Auch an der sogenannten europäischen Lösung wird weiterhin festgehalten. Für Seehofer war dies die Ausrede fürs nichts tun. So heißt es: „Wir setzen uns für eine grundlegende Reform des europäischen Asylsystems ein“. Das Dublin-System – was das bisherige europäische Asylsystem ist und das unter anderem besagt, dass ein*e Asylbewerber*in in dem Land Asyl beantragen muss, in dem er*sie zuerst den Boden der Europäischen Union betritt – ist nicht nur reformbedürftig, sondern komplett impraktikabel. Es braucht allerdings die Zustimmung aller Mitgliedsstaaten, um auf eine andere Einigung zu kommen. Bei der aktuellen Entwicklung in unzähligen Ländern der EU ist es allerdings höchst unwahrscheinlich, dass dies bald geschehen wird. Zudem gibt es keinerlei Passagen, die auf die Lagersysteme an den EU-Außengrenzen hinweisen oder Handlungsrichtlinien geben.
Kleine Lichtblicke
Kleine Lichtblicke gibt es für Menschen, die bereits in Deutschland sind. So sollen Jugendliche leichter die Möglichkeit für ein Bleiberecht bekommen, und auch die Praxis der Kettenduldungen soll durch ein Chancen-Aufenthaltsrecht ersetzt werden. Wie genau diese Chance aussehen soll, bleibt allerdings ebenfalls unklar. Auch das Bekenntnis zu Resettlement- Programmen des UN-Flüchtlingshilfswerk ist ein wichtiger Schritt, damit Menschen nicht die gefährliche Flucht auf sich nehmen müssen, sondern vor Ort die Chance auf Asyl und Umsiedlung nach Deutschland bekommen. Auch die Passage „Wir werden humanitäre Visa für gefährdete Personen ermöglichen und dazu digitale Vergabeverfahren einführen“ spricht für einen solchen Ansatz.

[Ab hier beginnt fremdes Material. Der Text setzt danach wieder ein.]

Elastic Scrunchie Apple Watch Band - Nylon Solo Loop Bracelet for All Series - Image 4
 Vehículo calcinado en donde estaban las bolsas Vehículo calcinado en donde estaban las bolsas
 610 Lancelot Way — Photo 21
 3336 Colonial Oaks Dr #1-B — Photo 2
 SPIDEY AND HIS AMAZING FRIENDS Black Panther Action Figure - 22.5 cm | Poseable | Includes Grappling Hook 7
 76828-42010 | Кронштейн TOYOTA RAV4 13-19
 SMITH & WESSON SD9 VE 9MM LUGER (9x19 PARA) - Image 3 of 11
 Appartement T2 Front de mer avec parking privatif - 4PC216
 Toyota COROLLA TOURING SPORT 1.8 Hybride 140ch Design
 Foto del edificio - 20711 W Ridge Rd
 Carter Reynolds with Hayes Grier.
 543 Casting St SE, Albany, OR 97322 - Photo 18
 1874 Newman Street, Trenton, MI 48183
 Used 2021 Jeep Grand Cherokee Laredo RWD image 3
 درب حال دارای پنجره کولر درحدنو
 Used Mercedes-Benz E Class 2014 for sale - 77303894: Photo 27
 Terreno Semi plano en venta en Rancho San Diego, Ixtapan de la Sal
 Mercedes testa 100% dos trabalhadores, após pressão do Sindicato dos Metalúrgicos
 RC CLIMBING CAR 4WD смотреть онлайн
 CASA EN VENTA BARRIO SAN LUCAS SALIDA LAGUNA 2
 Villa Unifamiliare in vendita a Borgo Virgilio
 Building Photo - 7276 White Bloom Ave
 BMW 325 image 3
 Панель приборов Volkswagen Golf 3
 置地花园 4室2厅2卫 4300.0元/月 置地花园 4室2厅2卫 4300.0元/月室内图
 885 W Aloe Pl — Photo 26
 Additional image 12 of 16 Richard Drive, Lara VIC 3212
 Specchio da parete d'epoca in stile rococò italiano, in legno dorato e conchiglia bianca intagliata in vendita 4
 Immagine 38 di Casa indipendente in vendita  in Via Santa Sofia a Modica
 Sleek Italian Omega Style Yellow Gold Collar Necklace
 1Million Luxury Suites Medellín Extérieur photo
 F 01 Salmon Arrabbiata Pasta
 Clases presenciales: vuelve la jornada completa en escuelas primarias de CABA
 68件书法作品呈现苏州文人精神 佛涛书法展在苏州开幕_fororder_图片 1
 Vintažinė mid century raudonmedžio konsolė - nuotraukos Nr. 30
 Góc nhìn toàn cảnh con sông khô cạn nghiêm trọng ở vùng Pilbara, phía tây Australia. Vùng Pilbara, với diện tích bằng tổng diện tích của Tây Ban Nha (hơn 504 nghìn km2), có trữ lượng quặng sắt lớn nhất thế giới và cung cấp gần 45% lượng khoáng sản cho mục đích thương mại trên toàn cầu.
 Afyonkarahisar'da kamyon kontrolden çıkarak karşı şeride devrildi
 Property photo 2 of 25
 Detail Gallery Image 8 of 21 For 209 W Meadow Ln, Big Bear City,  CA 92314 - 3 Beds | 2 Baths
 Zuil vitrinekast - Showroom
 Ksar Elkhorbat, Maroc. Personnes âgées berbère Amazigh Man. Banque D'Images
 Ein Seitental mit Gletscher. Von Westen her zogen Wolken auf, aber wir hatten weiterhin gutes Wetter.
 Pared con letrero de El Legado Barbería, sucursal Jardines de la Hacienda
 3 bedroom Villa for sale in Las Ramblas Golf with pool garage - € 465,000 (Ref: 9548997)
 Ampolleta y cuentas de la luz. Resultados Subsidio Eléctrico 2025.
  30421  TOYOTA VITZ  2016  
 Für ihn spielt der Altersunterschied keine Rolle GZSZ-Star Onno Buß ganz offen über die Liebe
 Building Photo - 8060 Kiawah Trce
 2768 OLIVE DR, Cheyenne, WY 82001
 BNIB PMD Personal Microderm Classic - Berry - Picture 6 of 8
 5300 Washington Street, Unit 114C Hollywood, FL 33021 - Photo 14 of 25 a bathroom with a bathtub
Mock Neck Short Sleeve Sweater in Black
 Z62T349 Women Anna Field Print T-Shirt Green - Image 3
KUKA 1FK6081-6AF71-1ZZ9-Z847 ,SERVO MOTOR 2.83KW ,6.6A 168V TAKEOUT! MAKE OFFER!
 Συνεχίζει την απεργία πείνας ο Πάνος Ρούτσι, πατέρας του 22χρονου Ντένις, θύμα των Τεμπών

Die Widersprüche überwiegen
Letztlich muss konstatiert werden, dass der Titel „Mehr Fortschritt wagen“ des Koalitionsvertrags, wie bei anderen Themen, mehr verspricht, als er hält. Zwar gibt es einige Verbesserungen gegenüber der vorherigen Politik, doch auch bei diesen Punkten wird wichtig, die Bundesregierung an ihre Versprechungen immer wieder zu erinnern. Gerade die Grünen, die sich im Wahlkampf klar für Menschen auf der Flucht positioniert haben, muss sich an ihren eigenen Maßstäben messen lassen – und da ist es verständlich, dass viele Menschen enttäuscht sind.
Interessant wäre zusätzlich der Abgleich mit anderen Politikfeldern, wie der deutschen Wirtschaftspolitik, die globale Ungleichheit reproduziert. Auch die Passagen zu Waffenlieferungen sind hierfür interessant. Mindestens so lange mit deutschen Waffen in der ganzen Welt gemordet wird, muss man sich seiner Verantwortung für Menschen, die vor Kriegen fliehen, bewusst sein und nachkommen. Hinzukommt die sich verschärfende Klimakrise, die gerade im sogenannten globalen Süden schnell zu Kipppunkten führen kann und das Leben in einigen Regionen unmöglich machen könnte. Fluchtbewegungen sind hier vorprogrammiert.
Die Passagen zu den EU-Außengrenzen sind höchst widersprüchlich. Gerade dort, wo die Lage am schlimmsten ist, wird die Politik der Abschottung in nette Worte gekleidet und mehr oder weniger fortgeführt. Worin genau der Paradigmenwechsel liegen soll, bleibt unklar. Außerdem soll es weiterhin Abkommen mit Drittstaaten geben, die das Konstrukt der vermeintlich sicheren Herkunftsländer aufrechterhalten. Und es gibt kein Hinweis darauf, dass Kommunen und Bundesländer, die sich zum sicheren Hafen erklärt haben, mehr Menschen aufnehmen dürfen. De facto bleibt die Blockade des Bundes also bestehen und der Kampf um das „Recht, Rechte zu haben“[1] wird auch unter der neuen Bundesregierung weitergehen müssen, bis ein Bleibe- und Teilhaberecht für alle erkämpft ist.
[1] Arendt, Hannah: Elemente und Ursprünge totaler Herrschaft, S. 614.